Freshman year, Mark Mercier was sitting at the leftmost table on the first floor of CHS. The new school still felt foreign. At once, he felt a twinge of dread and excitement; he gets the same feeling whenever he goes to a new place. Mercier had just met Chelsea, and had thought, for the first time “I don’t know what you are.”

Chelsea told Mercier they identified as transgender.

“What does that mean?” Mercier said.

“I don’t necessarily identify with the gender I was born with,” Chelsea said.

And as the first floor bustled with students holding lunch trays or food they’d bought from neighboring stores walking in and out, or playing super smash bros at the tables, a world opened up to Mercier. He would spend the next two years at CHS sorting out what he’d heard and coming to understand what it meant for him.

“That was when I realized [gender] wasn’t a true or false question — that it was a multiple choice question — after thinking it was true or false for years,” Mercier said. He put his hands up to the sides of his head to mimic an explosion. “It just pshoo! It was mind-blowing.”

Following this conversation with Chelsea, Mercier realized that the term transgender described him and began using it to label himself. In labeling himself and presenting himself to the world, one of Mercier’s main goals is to be comfortable, but he began realizing that there were aspects of himself that made him uncomfortable in middle school.

“I’m fairly comfortable with myself,” Mercier said. “The big thing for me when I was realizing how I identified, was that there were certain aspects of myself that I wasn’t too comfortable with — like how high I was talking, how my chest was growing.”

Now that Mercier has been identifying as transgender for a long time, he realizes that labels don’t necessarily help him feel more comfortable as much as they help others understand him. Once he noticed that, he limited holding himself to labels.

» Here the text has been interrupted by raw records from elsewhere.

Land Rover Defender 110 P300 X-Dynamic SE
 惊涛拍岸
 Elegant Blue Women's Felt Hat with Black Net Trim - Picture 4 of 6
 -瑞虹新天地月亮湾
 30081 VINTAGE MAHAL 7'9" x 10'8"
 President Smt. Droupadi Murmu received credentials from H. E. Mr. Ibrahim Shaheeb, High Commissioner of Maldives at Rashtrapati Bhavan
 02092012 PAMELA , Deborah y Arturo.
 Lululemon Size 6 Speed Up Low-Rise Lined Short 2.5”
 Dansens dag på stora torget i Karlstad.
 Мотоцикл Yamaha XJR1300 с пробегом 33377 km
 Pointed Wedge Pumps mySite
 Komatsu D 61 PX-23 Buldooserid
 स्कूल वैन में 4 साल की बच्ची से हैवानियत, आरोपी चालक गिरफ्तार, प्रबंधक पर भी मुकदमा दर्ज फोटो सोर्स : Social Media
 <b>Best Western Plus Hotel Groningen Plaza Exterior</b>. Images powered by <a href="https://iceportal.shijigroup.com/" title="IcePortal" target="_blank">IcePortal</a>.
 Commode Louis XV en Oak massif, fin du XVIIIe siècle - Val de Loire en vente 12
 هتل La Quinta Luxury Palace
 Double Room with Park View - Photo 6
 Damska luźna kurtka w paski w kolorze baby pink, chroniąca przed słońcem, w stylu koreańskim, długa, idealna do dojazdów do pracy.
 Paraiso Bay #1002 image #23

“I used to because I liked having the structure, but, especially since I came to Community, I liked not having as much structure,” Mercier said. “It has bled into how I view myself.”

Although he identifies as male and often uses a male name, Mericer sometimes uses a more gender neutral name. As someone who is transgender, he mainly concerned with his personal safety; he wants a name that’s going to protect him. Mercier says that he feels like being LGBTQIA+ puts a “target on my back.” He compares it to being in New York City, with a million eyes on him.

Mercier isn’t wrong to be worried for his safety: the FBI reported 160 victims of transgender hate crimes in 2018; as of Nov., 22 transgender Americans had been murdered in 2019; and the Human Rights Campaign published an article titled “A National Epidemic: Fatal Anti-Transgender Violence in the United States in 2019” in which it stated that 81% of transgender and gender non-comforming people killed in the U.S. are under the age of 30.

“I think people forget how close that danger is,” Mercier said. “It’s dangerous, but it isn’t that apparent here; I think people forget how close the target on our backs are.”

There is cause for hope: The Williams Institute of Law published a study in 2018 and found that average levels of LGBTQ acceptance has been increasing globally since the 1980’s. However, the world for Mercier remains a dangerous place.